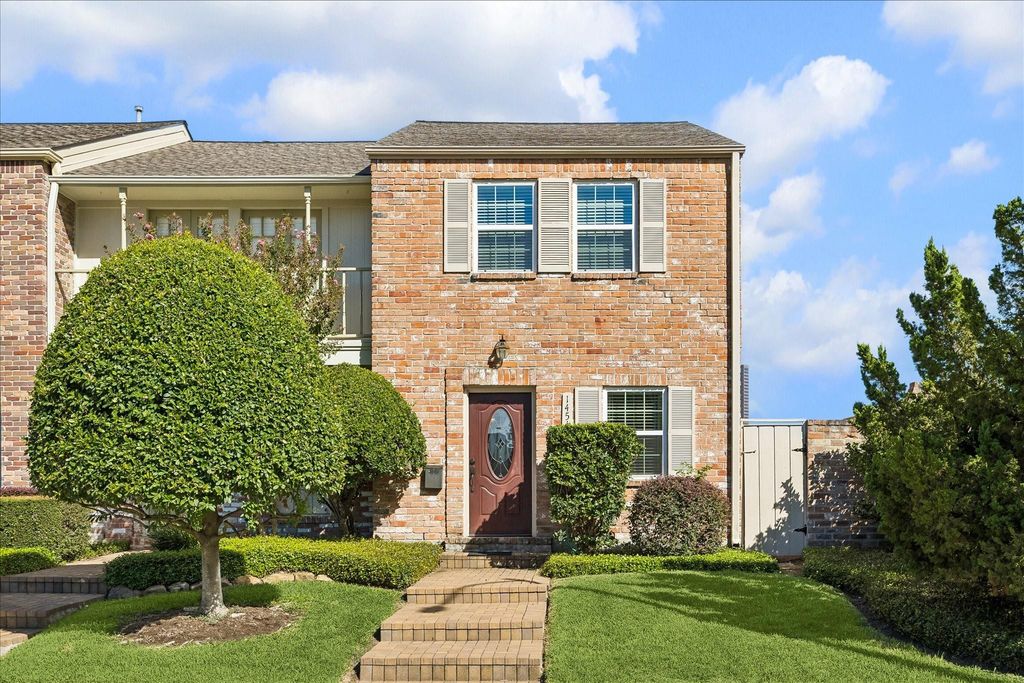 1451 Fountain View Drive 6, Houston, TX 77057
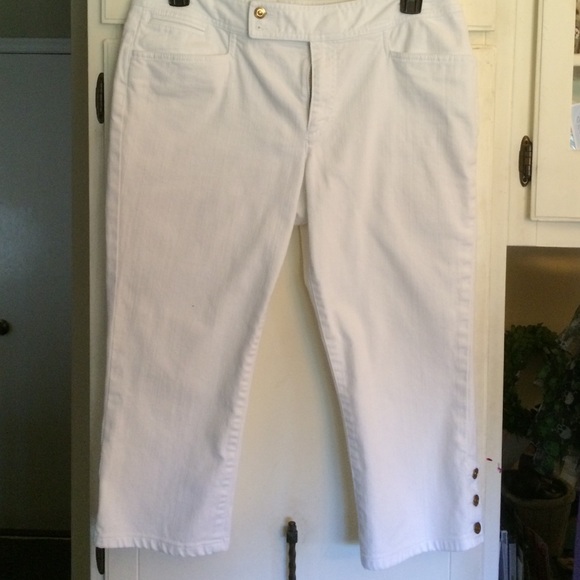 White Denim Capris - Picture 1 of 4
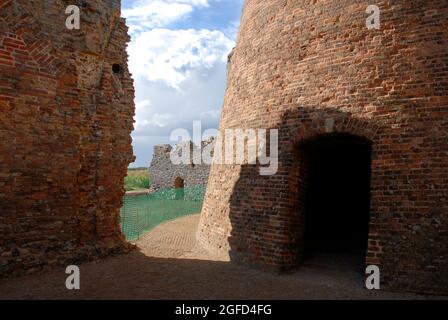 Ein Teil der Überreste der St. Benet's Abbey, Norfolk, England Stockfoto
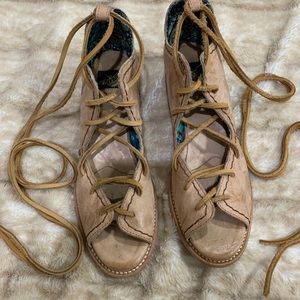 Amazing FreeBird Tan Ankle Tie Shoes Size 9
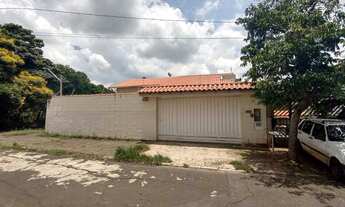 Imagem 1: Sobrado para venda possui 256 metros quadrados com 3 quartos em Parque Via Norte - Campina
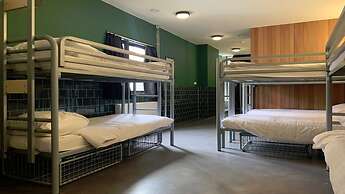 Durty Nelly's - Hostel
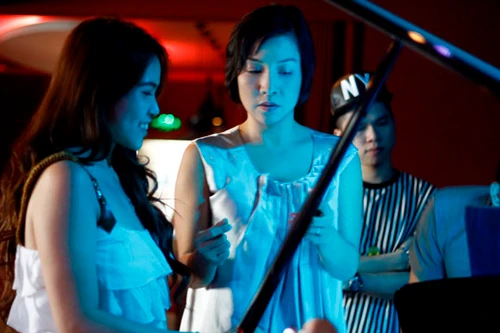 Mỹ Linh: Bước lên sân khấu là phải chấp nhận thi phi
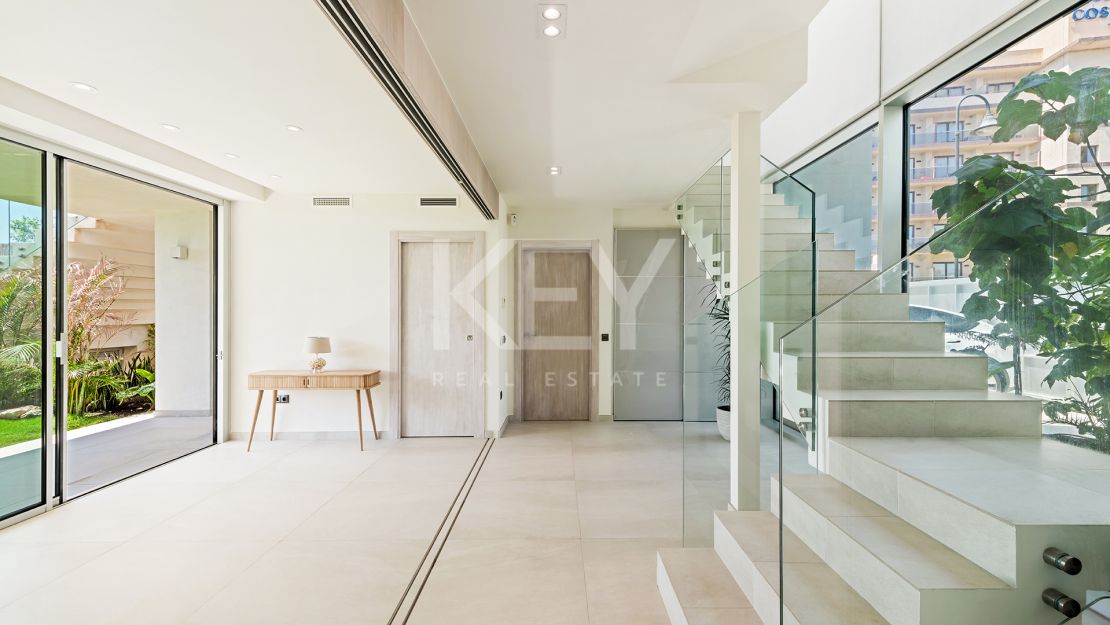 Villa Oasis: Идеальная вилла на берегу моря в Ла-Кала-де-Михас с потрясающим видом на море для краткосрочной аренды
# # # # # # #
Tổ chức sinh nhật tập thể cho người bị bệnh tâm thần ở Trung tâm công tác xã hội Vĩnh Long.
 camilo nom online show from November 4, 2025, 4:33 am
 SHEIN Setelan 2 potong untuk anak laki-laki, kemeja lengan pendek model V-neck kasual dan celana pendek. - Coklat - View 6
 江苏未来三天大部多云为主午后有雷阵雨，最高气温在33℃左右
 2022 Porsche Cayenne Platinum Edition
# # # # # # #
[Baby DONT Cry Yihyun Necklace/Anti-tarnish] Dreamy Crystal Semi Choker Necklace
# # # # # # #
● AIM OF THE TASK
Output exactly the lines of the listing above that start with the one holding "Imagem 1: Sobrado" and go on through the one holding "Villa Oasis: Идеальная"; leave the pictures out.

● SOLUTION FOR THIS PROBLEM
 Imagem 1: Sobrado para venda possui 256 metros quadrados com 3 quartos em Parque Via Norte - Campina
 Durty Nelly's - Hostel
 Mỹ Linh: Bước lên sân khấu là phải chấp nhận thi phi
 Villa Oasis: Идеальная вилла на берегу моря в Ла-Кала-де-Михас с потрясающим видом на море для краткосрочной аренды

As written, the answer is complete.